Western New York winters can be cold, hard, and colorless. The days get shorter and the nights get darker—but that doesn’t mean you can’t create a few bright spots inside your home this winter.
Here are three of our favorite houseplants to warm up your home this winter.
Snake Plants (Sansevieria)
Snake plants are derived from temperate climates, such as the tropical and sub-tropical regions of Europe, Africa, and Asia—but do they have what it takes to flourish indoors during the winter? The answer is yes! In fact, the snake plant is one of the most tolerant indoor plants you can grow at home.
We recommend snake plants as houseplants during the winter—not just because they’re so easy to manage.
Fun fact: In Ancient China, the snake plant was believed to represent the “eight virtues”: long life, intelligence, art, beauty, poetry, strength, health, and prosperity.
Place your snake plants near windows or other parts of your home where low light and warm or humid conditions are prominent. A steady light is okay, too. Near a window in your bathroom, for example, is an excellent place for your snake plant to thrive.

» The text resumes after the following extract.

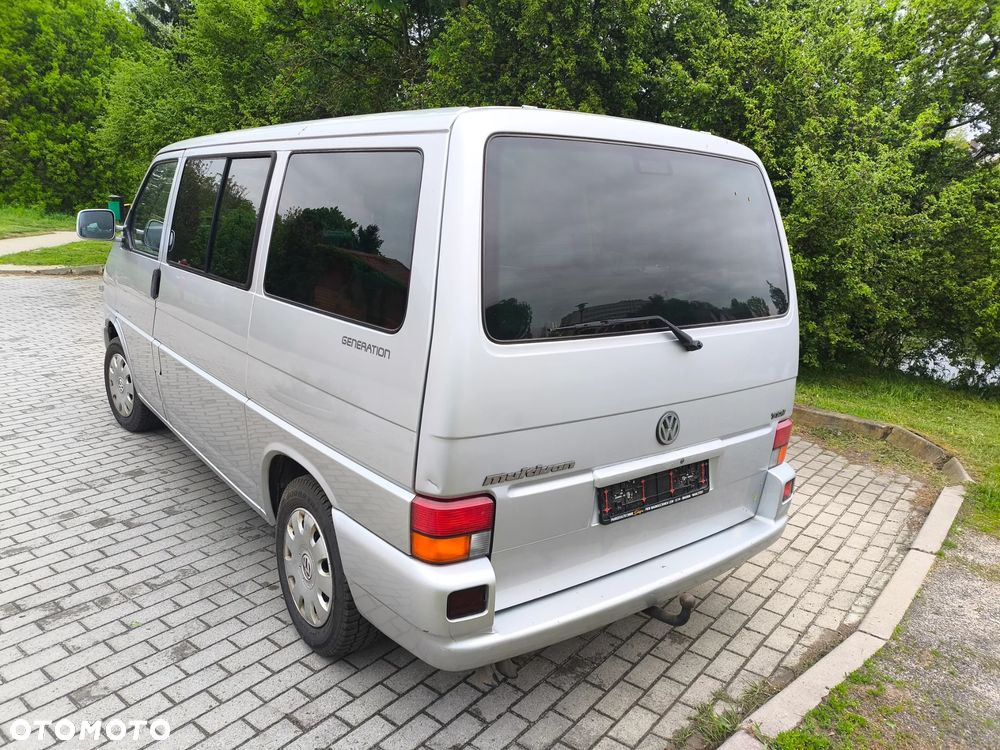 Volkswagen Multivan - 21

For this plant, you’ll need a loose, well-drained potting mix or sandier soils. An all-purpose cactus potting soil will work perfectly. During the winter, you need to water the snake plant only once per month. Be wary of overwatering, though, and always check the soil to make sure it’s dry so you don’t overdo it.
There are at least six different types of snake plants, all of which grow upward and outward with varying degrees of leaves. Some are short and squat. Which snake plant is right for you? Drop by Lockwood’s and we’ll help you pick one out!
From the Lockwood’s staff: “Snake Plants are great for air purification and are a great option for people beginning to get into house plants.”
Bromeliads are bright, long-lasting houseplants that will give your home the vibrant energy of a tropical paradise. Their orange, magenta, and golden plumes plus green leaves are enough to spruce up any kitchen, living room, or home office. If you’re looking for a lovely, low-maintenance houseplant to brighten your spirits all winter long, this plant is for you.
To create the best environment for bromeliads inside your home, put them where they will receive medium to bright light. If bromeliads get too much sun, they can get sunburn spots, so keep an eye out for any discoloration or irregularities there. Generally speaking, though, sun-splashed countertops or tabletops are safe spaces for bromeliads to grow.
Fun fact: Did you know that the pineapple is a bromeliad? Yep, and it’s the only bromeliad to produce fruit. Will your bromeliad produce pineapple?! Sadly, no. But if you’re keeping your bromeliad in the kitchen, its Central American roots might inspire you to be more creative with your cooking this winter!
Bromeliads are built to withstand droughts, so they do not require much watering. In the winter, a healthy watering once or twice a month should do just fine. But be careful! Bromeliads do not like to be submerged in water, so don’t fill your flower pots up to the brim with water.
There are a few different beautiful varieties of bromeliads. Choose your favorite plant at Lockwood’s today.
From the Lockwood’s staff: “After bromeliads bloom, they send out new shoots that can be taken off the plant to make new plants! One plant can send out as many as six new bromeliads.”
Ferns are one of the best indoor houseplants for folks with a creative spirit or flair for interior design. With the option to pot or hang these luscious plants in your home, you have more freedom to experiment with where you put them. However, humidity is helpful to ferns, so you’ll want to avoid placing them where the air will be hot or dry. In other words, do not put your ferns near heating ducts or air vents.
Bright bathrooms and kitchens are the best places for ferns to flourish. With the rich humidity of these areas, plus the medium to bright light from nearby windows, will help the ferns preserve their verdant exuberance.
While ferns should generally be moist, they should never be soggy. To measure how well your ferns are doing, judge their color and texture. If the leaves are bleached or the plant is sopping wet, you’ve overdone it one way or the other.
Fun fact: Ferns are some of the oldest plants in the world, going back about 360 million years ago! in some cultures, the fern is believed to guarantee happiness and eternal wealth.
From the Lockwood’s staff: “Our favorite varieties include ribbon and tri-color ferns. Add supplemental humidity around the fern. However, the fern should not stand in water.”